*Task directions*
With the pictures left out, retype exactly the lines below starting at the line that contains "Deluxe King Studio" and ending at the line that contains "För ytterligare upplysningar".

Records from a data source
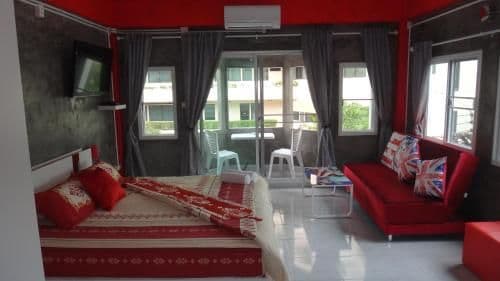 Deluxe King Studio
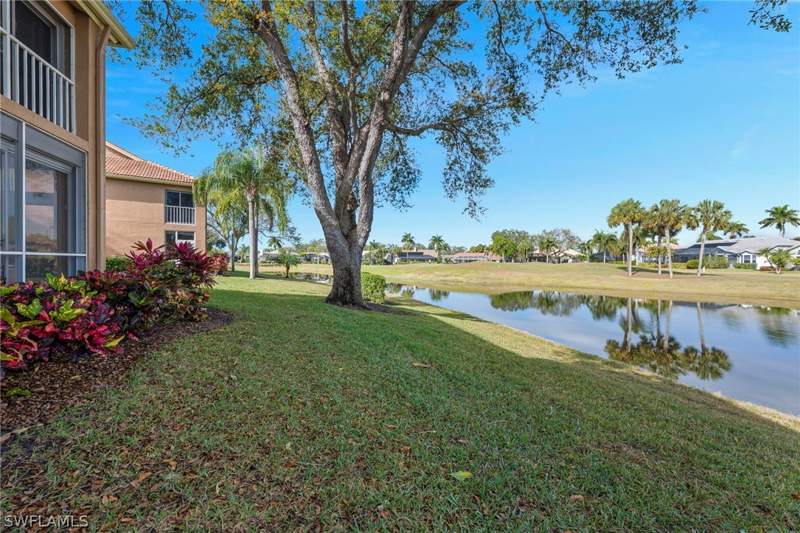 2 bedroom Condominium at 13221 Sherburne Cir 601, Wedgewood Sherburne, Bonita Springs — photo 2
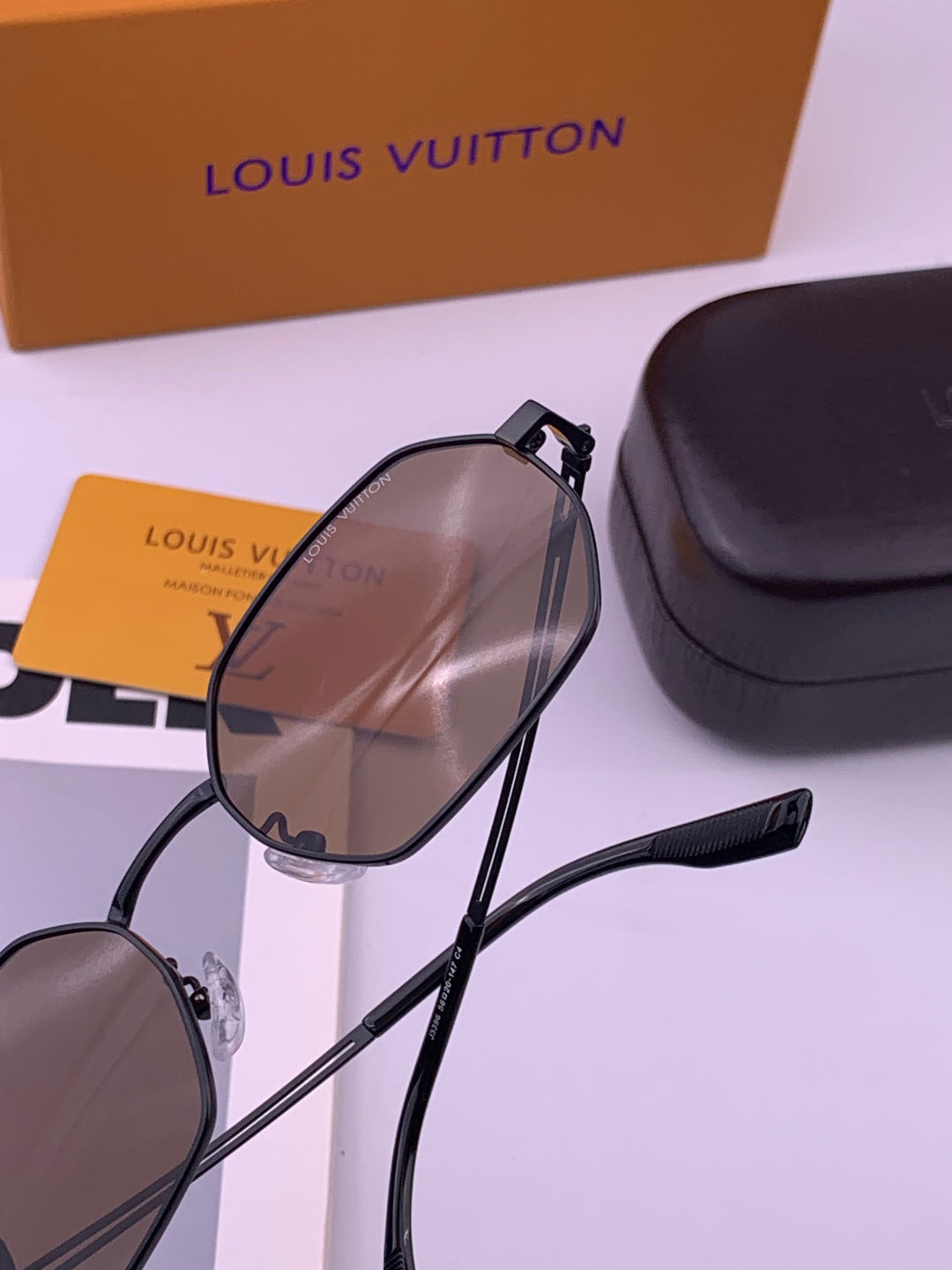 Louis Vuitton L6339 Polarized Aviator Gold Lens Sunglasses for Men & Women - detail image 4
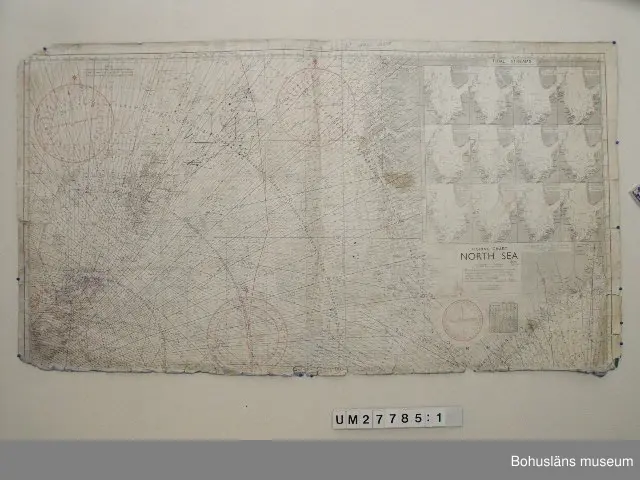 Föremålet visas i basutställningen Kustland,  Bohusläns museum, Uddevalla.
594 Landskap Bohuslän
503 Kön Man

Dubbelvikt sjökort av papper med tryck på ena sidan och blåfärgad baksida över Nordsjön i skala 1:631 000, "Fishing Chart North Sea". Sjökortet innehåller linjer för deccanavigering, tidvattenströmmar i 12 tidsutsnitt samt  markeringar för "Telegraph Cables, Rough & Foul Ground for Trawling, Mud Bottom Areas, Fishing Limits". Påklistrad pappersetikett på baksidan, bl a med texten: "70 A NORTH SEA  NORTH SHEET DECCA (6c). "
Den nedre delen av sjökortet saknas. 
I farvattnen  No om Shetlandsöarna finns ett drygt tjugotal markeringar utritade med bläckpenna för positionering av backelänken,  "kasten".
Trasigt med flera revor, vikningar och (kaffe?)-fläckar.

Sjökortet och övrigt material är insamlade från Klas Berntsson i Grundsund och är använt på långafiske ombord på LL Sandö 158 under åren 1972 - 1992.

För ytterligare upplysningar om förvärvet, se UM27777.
* * *
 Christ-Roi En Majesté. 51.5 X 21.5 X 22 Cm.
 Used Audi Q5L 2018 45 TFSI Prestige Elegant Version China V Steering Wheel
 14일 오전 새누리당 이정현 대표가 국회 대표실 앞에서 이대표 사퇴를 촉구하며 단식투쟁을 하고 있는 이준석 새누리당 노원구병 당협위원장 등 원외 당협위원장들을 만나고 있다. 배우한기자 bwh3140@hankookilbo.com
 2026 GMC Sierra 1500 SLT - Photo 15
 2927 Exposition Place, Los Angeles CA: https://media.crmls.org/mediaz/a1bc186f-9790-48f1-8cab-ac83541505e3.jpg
==
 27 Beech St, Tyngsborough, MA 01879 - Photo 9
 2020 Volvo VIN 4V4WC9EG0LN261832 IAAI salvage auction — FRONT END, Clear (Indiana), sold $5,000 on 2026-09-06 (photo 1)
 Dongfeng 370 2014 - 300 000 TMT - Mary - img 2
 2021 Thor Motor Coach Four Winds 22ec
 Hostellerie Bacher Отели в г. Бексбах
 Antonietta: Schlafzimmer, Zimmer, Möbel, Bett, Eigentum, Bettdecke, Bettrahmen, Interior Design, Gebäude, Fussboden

*Task output*
 Deluxe King Studio
 2 bedroom Condominium at 13221 Sherburne Cir 601, Wedgewood Sherburne, Bonita Springs — photo 2
 Louis Vuitton L6339 Polarized Aviator Gold Lens Sunglasses for Men & Women - detail image 4
 Föremålet visas i basutställningen Kustland,  Bohusläns museum, Uddevalla.
594 Landskap Bohuslän
503 Kön Man

Dubbelvikt sjökort av papper med tryck på ena sidan och blåfärgad baksida över Nordsjön i skala 1:631 000, "Fishing Chart North Sea". Sjökortet innehåller linjer för deccanavigering, tidvattenströmmar i 12 tidsutsnitt samt  markeringar för "Telegraph Cables, Rough & Foul Ground for Trawling, Mud Bottom Areas, Fishing Limits". Påklistrad pappersetikett på baksidan, bl a med texten: "70 A NORTH SEA  NORTH SHEET DECCA (6c). "
Den nedre delen av sjökortet saknas. 
I farvattnen  No om Shetlandsöarna finns ett drygt tjugotal markeringar utritade med bläckpenna för positionering av backelänken,  "kasten".
Trasigt med flera revor, vikningar och (kaffe?)-fläckar.

Sjökortet och övrigt material är insamlade från Klas Berntsson i Grundsund och är använt på långafiske ombord på LL Sandö 158 under åren 1972 - 1992.

För ytterligare upplysningar om förvärvet, se UM27777.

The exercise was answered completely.